But it was comprehensible that the parties whose interest would be jeopardised by the analysis would do everything humanly possible to obstruct the course of truth before the tribunal. What was, however, strange is the disposition of the tribunal, a judicial organ charged with the investigation of electoral fraud, to seek to align with those who seek to perpetrate injustice. For one, by merely conceding to the argument of the defendant that the AC candidate should not be given more time to present his evidence through a witness already profiled in frontloading his case is nothing but an attempt by the tribunal to abort the cause of justice.

Although, the AC has since filed a motion before the Court of Appeal to rule on the decision of the tribunal on grounds of law, much as it had also applied to the tribunal to stay proceedings until the appeal court adjudicates on its right to more time and more evidence in the pursuit of justice for the people.

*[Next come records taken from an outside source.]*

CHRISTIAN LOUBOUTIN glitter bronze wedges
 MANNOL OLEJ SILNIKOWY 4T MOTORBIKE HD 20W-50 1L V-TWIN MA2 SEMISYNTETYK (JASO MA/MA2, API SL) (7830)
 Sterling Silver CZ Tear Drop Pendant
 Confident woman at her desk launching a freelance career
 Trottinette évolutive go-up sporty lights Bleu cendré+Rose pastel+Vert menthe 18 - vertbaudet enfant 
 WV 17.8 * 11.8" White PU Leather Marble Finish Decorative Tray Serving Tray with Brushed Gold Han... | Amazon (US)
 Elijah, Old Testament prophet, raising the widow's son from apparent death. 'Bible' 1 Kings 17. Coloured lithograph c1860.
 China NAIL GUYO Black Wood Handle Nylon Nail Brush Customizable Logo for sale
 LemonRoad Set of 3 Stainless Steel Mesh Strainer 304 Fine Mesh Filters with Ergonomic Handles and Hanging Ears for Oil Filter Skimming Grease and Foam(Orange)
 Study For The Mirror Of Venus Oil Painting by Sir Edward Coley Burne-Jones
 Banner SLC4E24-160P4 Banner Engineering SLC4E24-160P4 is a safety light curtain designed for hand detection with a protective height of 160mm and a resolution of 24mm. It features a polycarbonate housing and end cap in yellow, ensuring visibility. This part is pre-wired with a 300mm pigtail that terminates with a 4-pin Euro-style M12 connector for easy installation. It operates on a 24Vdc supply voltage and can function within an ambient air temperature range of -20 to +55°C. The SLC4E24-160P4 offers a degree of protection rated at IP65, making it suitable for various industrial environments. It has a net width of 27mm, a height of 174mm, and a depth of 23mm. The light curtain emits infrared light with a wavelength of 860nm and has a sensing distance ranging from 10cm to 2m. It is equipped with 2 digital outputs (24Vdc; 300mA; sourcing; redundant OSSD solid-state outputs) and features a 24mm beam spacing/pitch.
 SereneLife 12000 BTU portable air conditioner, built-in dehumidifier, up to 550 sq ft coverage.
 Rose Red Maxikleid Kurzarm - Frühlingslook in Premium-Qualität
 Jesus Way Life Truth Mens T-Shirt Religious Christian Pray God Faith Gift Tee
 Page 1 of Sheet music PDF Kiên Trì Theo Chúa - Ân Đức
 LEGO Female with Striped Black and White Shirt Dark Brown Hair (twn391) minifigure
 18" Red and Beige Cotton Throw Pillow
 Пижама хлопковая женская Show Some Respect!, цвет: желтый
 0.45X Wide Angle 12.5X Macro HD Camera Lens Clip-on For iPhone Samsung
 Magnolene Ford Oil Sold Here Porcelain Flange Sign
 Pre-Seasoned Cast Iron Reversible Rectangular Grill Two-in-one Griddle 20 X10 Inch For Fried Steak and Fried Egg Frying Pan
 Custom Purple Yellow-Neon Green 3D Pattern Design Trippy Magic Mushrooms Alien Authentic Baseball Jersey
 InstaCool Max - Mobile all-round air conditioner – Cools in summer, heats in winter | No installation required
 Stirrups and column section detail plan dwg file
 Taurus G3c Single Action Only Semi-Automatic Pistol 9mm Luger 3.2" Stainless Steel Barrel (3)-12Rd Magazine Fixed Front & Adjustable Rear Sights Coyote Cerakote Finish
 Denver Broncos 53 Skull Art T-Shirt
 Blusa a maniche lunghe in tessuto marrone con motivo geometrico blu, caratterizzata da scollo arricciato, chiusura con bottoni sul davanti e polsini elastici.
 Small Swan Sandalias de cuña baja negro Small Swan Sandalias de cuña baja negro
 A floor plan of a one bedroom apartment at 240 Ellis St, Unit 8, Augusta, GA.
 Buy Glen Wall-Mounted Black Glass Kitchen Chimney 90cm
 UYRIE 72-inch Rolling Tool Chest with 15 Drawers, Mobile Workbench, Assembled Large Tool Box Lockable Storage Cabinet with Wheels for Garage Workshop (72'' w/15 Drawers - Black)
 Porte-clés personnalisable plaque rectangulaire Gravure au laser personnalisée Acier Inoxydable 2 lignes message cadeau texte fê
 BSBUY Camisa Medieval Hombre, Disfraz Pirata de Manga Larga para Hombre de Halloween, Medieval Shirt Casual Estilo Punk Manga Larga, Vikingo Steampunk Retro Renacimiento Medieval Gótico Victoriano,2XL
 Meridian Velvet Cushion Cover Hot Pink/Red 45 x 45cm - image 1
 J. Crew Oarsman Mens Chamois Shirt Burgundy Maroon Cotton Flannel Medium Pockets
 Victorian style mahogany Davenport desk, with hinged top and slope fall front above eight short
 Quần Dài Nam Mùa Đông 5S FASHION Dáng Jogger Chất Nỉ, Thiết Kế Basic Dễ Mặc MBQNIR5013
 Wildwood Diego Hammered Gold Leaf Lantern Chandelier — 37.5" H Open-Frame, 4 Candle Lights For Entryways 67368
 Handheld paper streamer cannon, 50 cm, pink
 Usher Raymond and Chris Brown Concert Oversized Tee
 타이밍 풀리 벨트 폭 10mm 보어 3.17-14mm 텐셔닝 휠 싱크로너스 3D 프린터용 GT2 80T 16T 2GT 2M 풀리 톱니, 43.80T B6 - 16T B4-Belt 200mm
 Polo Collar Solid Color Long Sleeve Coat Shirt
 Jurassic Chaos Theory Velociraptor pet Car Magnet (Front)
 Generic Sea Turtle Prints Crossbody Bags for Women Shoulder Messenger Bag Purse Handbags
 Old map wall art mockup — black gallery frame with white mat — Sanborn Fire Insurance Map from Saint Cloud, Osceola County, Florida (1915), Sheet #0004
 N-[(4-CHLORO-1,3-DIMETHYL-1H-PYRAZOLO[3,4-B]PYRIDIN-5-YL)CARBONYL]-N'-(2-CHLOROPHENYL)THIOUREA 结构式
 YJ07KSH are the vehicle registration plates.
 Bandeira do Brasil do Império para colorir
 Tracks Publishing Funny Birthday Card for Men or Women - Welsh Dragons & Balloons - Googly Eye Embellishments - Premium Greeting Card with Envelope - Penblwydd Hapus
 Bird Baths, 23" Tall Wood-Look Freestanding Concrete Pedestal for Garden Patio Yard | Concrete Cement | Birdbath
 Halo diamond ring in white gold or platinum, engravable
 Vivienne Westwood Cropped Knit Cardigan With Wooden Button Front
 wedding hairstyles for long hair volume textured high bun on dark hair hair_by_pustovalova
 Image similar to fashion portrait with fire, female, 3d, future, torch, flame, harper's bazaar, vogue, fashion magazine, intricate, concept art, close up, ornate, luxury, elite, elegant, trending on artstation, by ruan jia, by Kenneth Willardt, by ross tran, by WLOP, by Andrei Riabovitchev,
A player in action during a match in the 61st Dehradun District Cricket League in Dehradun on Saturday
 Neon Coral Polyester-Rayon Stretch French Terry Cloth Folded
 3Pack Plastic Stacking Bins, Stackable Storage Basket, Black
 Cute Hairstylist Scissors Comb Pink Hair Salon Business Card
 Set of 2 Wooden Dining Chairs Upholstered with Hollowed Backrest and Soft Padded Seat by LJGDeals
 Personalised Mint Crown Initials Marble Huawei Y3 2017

Clearly, the AC has shown more than enough proofs that it has a case, even though the Appeal will also go a long way in assisting the course of justice. The fact that the AC came this far in pursuing justice and the rule of law is not only worthy of note, but a development that should be encouraged in future elections. The party knew it had a responsibility to prove its case and has left no stone unturned in doing this, more so in a way to eliminate doubts. It is not that the tribunal should give a blanket ruling in favour of AC or any party for that matter, but doing so on the premise of evidence proven beyond reasonable doubts.

Nigeria’s democracy is under-going the process of genuine rebirth. The judiciary, of course, is a key stakeholder. So, Nigeria and indeed, the world are waiting to see how the judiciary will fare in the disputed election controversy in Osun. The choice is the judiciary; whether or not it will make use of this forensic initiative, at least for posterity sake.